Where does one begin with this nonsense? With the observation that, in Europe, the Nazis were the aggressors? The Nazis, whose relationship with Christianity is, ahem, a bit nuanced?
Many of the Nazi elite believed that their own party doctrine and Christianity shared common themes such as the opposition of good against evil, God against the devil and the struggle for national salvation from the Jews and Marxism. This positive Christianity enfolded both Catholicism and Protestantism, for the Nazis believed that confessional disunity presented the greatest challenge to national unity.
And that’s the jacket copy of a dissertation that “argues against the consensus that Nazism as a whole was either unrelated to Christianity or actively opposed to it” (my emphasis). N.b. to Professors Cole and Steigmann-Gall: “shared common themes” might cut it in a graduate seminar, but in the real world it’s pretty weak sauce. (By that logic, there’s not a dime’s worth of difference between Ann Coulter and Michael Moore, since their work shares the common theme of American politics).

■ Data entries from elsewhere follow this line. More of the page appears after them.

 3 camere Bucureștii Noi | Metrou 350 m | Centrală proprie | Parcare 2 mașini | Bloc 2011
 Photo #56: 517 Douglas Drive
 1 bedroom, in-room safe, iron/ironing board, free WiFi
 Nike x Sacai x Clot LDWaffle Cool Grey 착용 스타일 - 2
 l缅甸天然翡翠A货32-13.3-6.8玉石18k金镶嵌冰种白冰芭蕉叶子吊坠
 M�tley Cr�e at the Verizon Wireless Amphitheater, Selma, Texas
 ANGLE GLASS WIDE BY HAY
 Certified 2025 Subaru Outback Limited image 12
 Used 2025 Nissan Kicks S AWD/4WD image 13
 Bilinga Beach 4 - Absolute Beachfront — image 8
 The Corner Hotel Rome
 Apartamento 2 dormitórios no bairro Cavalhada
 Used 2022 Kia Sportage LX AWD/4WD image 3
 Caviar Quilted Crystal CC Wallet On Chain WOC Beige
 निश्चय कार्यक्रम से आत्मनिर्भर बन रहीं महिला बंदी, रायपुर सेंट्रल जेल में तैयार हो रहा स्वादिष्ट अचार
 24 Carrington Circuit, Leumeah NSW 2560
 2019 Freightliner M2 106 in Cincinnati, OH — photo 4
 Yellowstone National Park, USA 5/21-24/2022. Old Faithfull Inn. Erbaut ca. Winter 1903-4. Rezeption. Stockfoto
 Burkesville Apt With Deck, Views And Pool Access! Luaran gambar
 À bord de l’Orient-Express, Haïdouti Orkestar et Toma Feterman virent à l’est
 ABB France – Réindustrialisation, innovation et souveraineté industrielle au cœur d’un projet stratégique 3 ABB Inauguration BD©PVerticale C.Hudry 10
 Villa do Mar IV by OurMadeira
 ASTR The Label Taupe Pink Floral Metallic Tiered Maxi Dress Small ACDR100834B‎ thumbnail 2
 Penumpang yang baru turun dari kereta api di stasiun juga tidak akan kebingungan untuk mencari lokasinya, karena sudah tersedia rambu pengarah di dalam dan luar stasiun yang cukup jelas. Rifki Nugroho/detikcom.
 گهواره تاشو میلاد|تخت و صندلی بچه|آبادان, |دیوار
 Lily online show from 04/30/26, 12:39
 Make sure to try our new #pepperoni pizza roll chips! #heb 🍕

“Since my fourteenth year I have felt liberated from the superstition that the priests used to teach.” — Adolf Hitler, “Table Talk,” 1942
That aside, there’s still the matter of putting attackers and defenders on the same tab. Sure, Poland in 1939 was a pretty Catholic place, but does Professor Cole seriously believe the Poles would’ve rolled out the welcome mat for Hitler had they been atheists? So, too, does every Luftwaffe pilot shot down by the RAF count against Christianity; every civilian casualty inflicted by American bombers; all the collateral damage caused by the Western Allies as they fought from North Africa to the Elbe. The Americans, British, and French were all Christians, right? Therefore all the killing, necessary and incidental, that went into defeating the Nazis also goes in the Jesus column on the great scoreboard in the sky.
And then there’s the USSR. It would come as quite the shock to ex-seminarian Josef Stalin to learn that Russia’s 20-odd million war dead were actually a bunch of onward Christian soldiers. Wiki:
The Soviet Union was the first state to have, as an ideological objective, the elimination of religion and its replacement with universal atheism. The communist regime confiscated religious property, ridiculed religion, harassed believers, and propagated atheism in schools.
Which is kinda what you’d expect from a regime based on the doctrines of Karl “opiate of the masses” Marx, no?
Let’s not forget the Buddhists, though, at whose feet “some” of World War II’s 60 million dead must be laid according to Professor Cole. The low-end figure for war losses in China is ten million; Japan lost 2.12 million in battle. That’s a lot of “some,” don’t you think? But even that’s ridiculous, since Buddhism had even less to do with the Japanese variant of fascism than Christianity did with Nazism (the religious tradition animating the Imperial Japanese Army’s “emperor worship” was Shinto, for the record). Chiang Kai-Shek was a Christian, it’s true, but as anyone who knows anything about Chinese history is aware, that belief hurt him considerably with his constituents (though it did net him a fair amount of Western aid); the idea that the GMD followed the cross into battle is ridiculous. And Mao was, of course, a communist.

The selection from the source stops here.